Арсеньев заморгал от неожиданности.
– Вот как? И Берия это выкрал?
– Да. Дневник и какие-то бумаги, имеющие отношение к ней, скорее всего.
Арсеньев удивленно смотрел на Суворина, а затем начал смеяться. И облегченно покачал головой.
– Ну, вашу мать! Этот старый мерзавец спал со своей прислугой? В этом все дело?
– Очевидно, так.
– Этому нет цены. Это просто замечательно! – Арсеньев стукнул по спинке переднего сиденья. – Как бы я хотел при этом присутствовать! Увидеть выражение лица Мамонтова, когда он узнает, что завещание великого Сталина – всего лишь отчет прислуги о том, как она спала с великим вождем! – Он взглянул на Суворина, его полные щеки раскраснелись от восторга, в глазах блеснули искры. – Что с вами, Феликс? Только не говорите мне, что вы не видите в этом ничего смешного. – Он перестал смеяться. – В чем же дело? Вы уверены, что это так, а не иначе?
– Вполне уверен, товарищ полковник. Все это со слов женщины, которую мы задержали вчера ночью, Зинаиды Рапава. Она прочитала этот дневник вчера днем – отец припрятал его для нее. Не могу себе представить, что она выдумала такую историю. Это превосходит всякое воображение.
– Верно, согласен. Так почему же вы невеселы? И где теперь эта тетрадь?

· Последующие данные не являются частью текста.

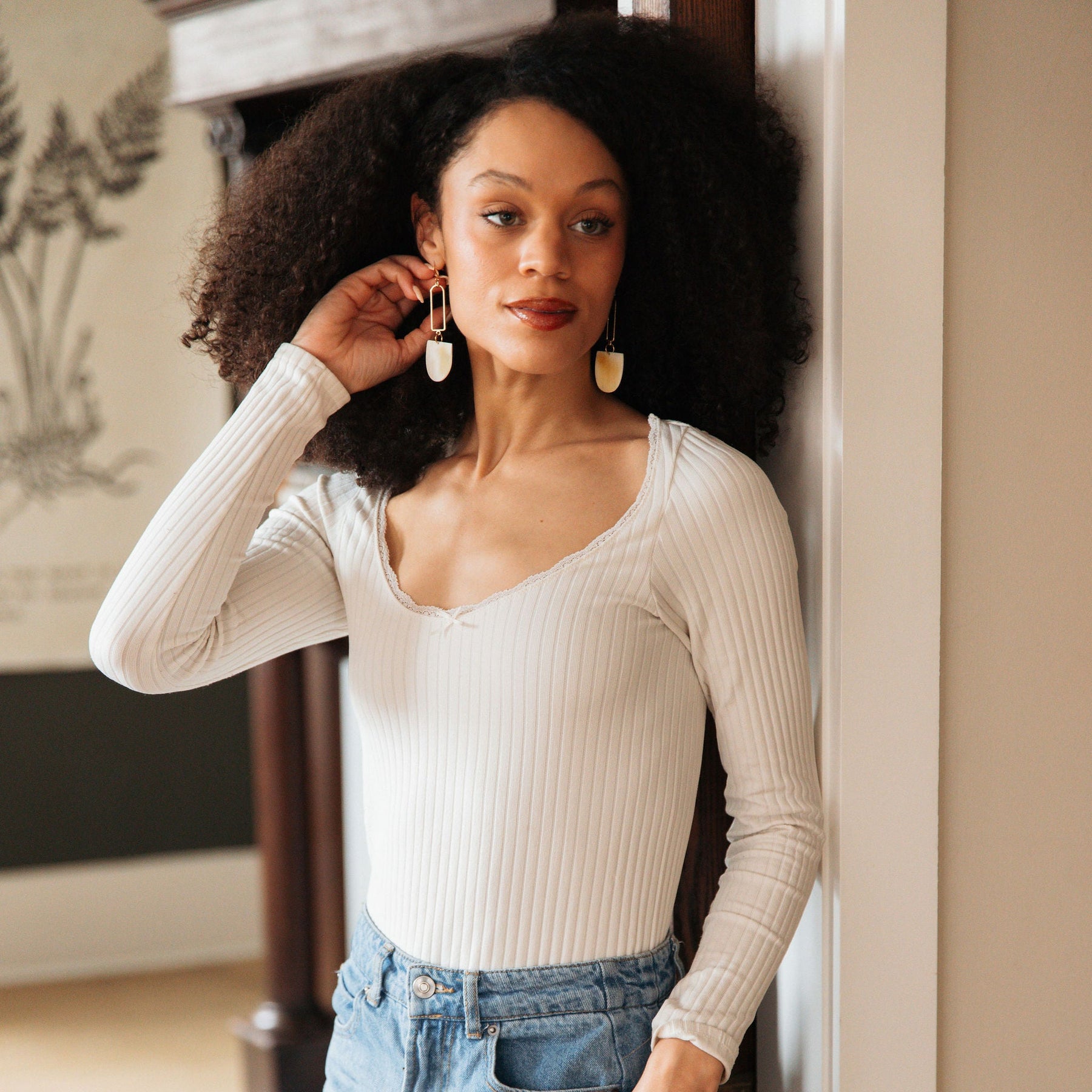 Tere Natural Horn Drop Earrings Neutral Tone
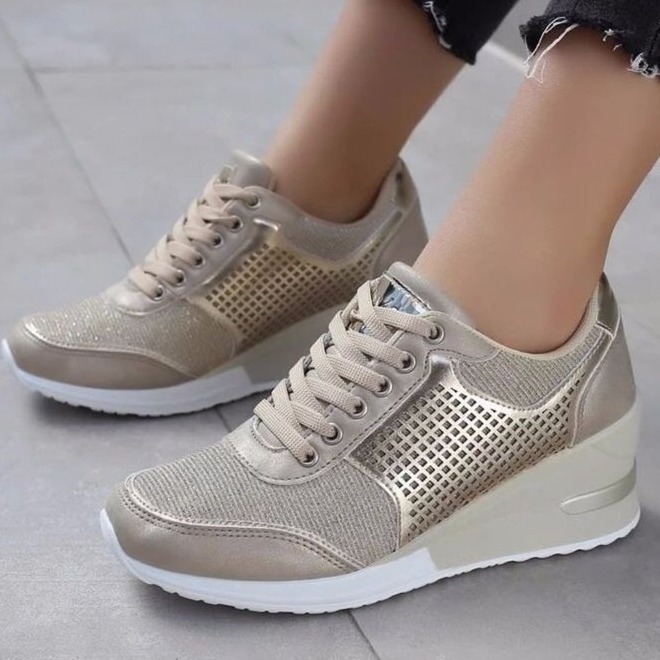 2025 New Style Women Wedges Sneakers Lace - Up Breathable Sports Casual Platform Female Footwear Ladies Vulcanized Shoes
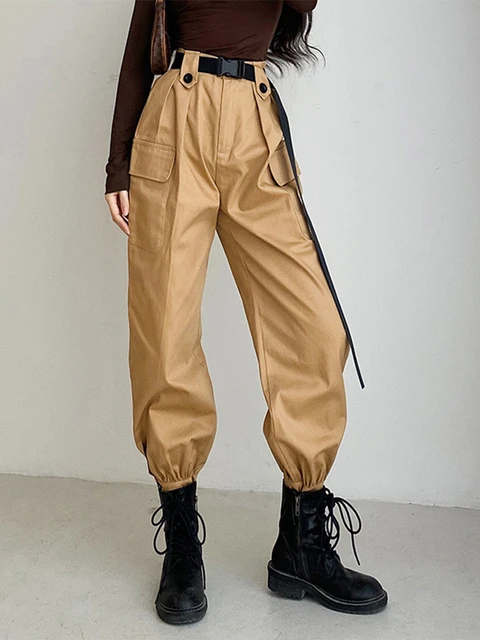 2023 Women's Cargo Pants Sweatpants Solid High Waist Belted Casual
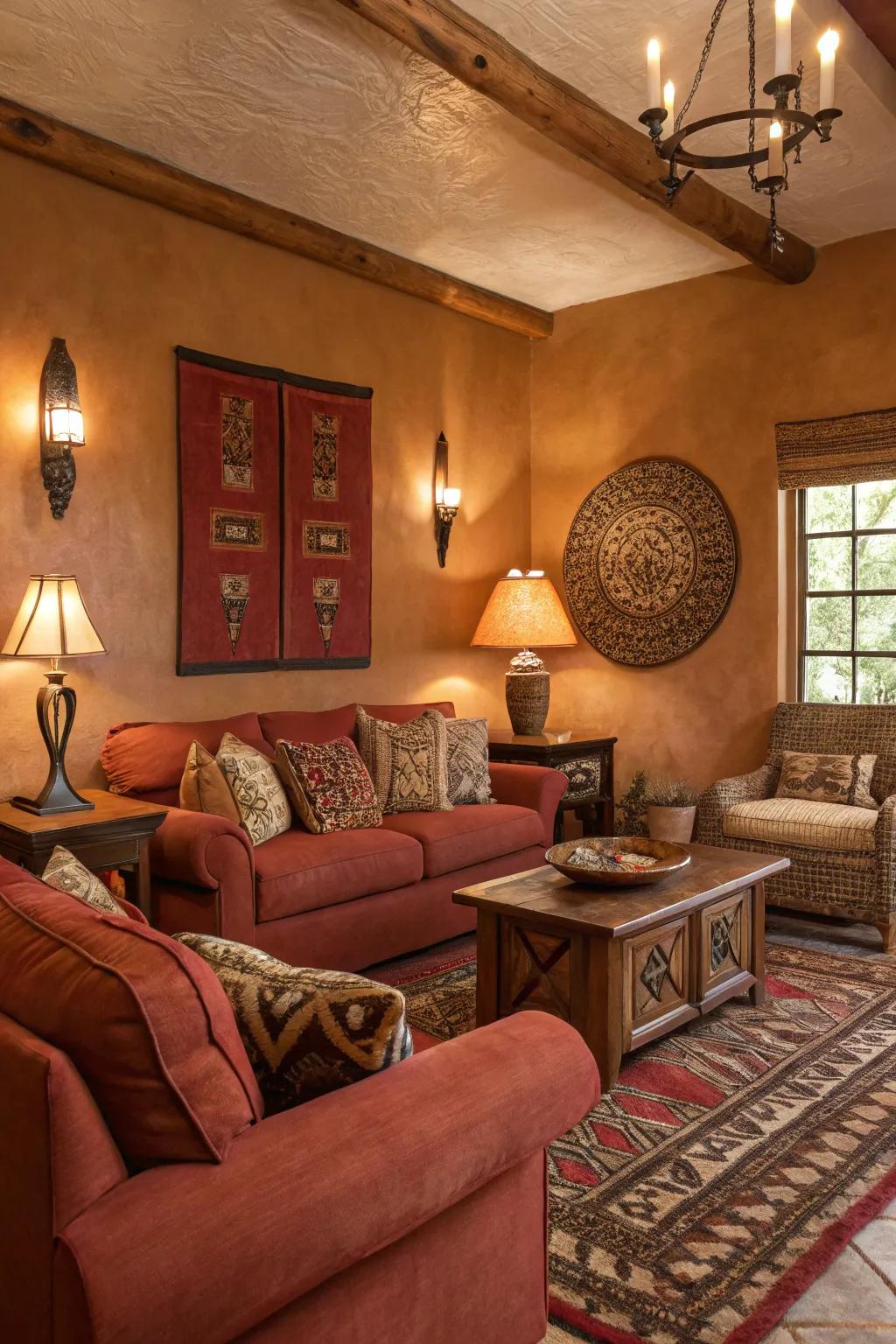 Earthy tones add coziness and warmth to your Western-themed living room.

– В этом-то и состоит первое затруднение, – неуверенно сказал Суворин. Ему было неприятно портить хорошее настроение собеседника. – Поэтому я и хотел поговорить с вами. Похоже, она показала тетрадь английскому историку Келсо. По ее словам, он забрал тетрадь.
– Забрал?
– В Архангельск. Он хочет найти девушку, которая вела дневник, эту Анну Сафонову.
– Когда он уехал?
– Вчера днем. В четыре или в пять. Она не помнит.
– На чем?
– На машине.
– На машине? Так это прекрасно! Ты его легко перехватишь. Когда ты приземлишься, то будешь отставать всего на несколько часов. Он теперь там как мышь в мышеловке.
– К сожалению, он не один. С ним американский репортер О'Брайен. Вы его знаете? Корреспондент спутникового телевидения.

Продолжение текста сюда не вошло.